August 5, 2024
The Good, Bad, And Ugly From Supercomputing ‘23, Or Nearby

This year’s event was as much about AI as it was about HPC. The only booths not talking about AI were, well, nobody. Everyone was touting the miracles of AI, from CPUs to accelerators to system companies to networking vendors to storage to clouds to water cooling systems to the U.S. DOE and DOD. And then there’s BOD Cartoons.

Supercomputing’23 in Denver is a wrap, with some extracurricular activities thanks to Microsoft and Here’s a summary of the good, the bad, and the ugly.

The Good

Nvidia was everywhere and nowhere

The traditional big green booth was absent at SC’23. They didn’t need their booth because practically every system vendor displayed an H100-based server.

Nvidia did make a few announcements, of course. Most impressive was Europe’s first Exaflop beast at the Julich Supercomputing Centre in Germany, which the company touts will be the world’s fastest AI system. “Jupiter” is the first system to employ the Grace Hopper 200 (GH200) with additional HBM capacity and bandwidth. Based on Eviden’s BullSequana XH3000 liquid-cooled architecture, the supercomputer includes a “booster module” comprising nearly 24,000 Nvidia GH200 Superchips interconnected with the Nvidia Quantum-2 InfiniBand networking platform. The system also includes a “cCuster Module” equipped with new European ARM CPUs from SiPearl, supplied by the German company ParTec. SiPearl promises a huge memory data rate of 0.5 bytes per flop with its Rhea CPU, which is almost five times as much as a GPU, offering high efficiency for complex, data-intensive applications.

Nvidia also announced (at Microsoft Ignite) the AI Foundry Services on Azure, with foundation models and Enterprise AI software suite now available on Microsoft Azure. SAP, Amdocs and Getty Images were among the first companies to build custom LLMs and deploy those models with the Enterprise AI software.

Cerebras keeps gaining momentum, with G42 at its side

As a follower of Cambrian-AI, you know that we are very high on Cerebras Systems, and have been since they came out of stealth. They remain among the few companies with a long-term differentiator against the Green Tide.

I had a few minutes with CEO Andrew Feldman at the show, and he remains typically enthusiastic, especially since Cerebras is the only AI hardware startup with hundreds of millions in revenue.

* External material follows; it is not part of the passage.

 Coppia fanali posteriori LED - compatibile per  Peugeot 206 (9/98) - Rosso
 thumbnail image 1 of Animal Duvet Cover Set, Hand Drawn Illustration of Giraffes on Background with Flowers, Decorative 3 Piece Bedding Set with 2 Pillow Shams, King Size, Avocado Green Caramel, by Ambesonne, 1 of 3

In addition to UAE-based G42, Cerebras counts Glaxo-Smith-Klein, Total, AstraZeneca, Argonne National Labs, EPCC, Pittsburgh Supercomputing Center, nference, National Energy Technology Laboratory, Leibnitz Supercomputing Center, NCSA, Lawrence Livermore National Labs, and a major un-named financial services organization.

AMD is on the cusp of announcing MI300, but MS Maia may steal the show

But you couldn’t tell it wasn’t yet available from walking around the show floor. Microsoft, HPE Cray and others talked about the upcoming MI300 family. I won’t spoil the news, which will come out December 6, but in booths and at MS Ignite, it was front and center with tremendous anticipation.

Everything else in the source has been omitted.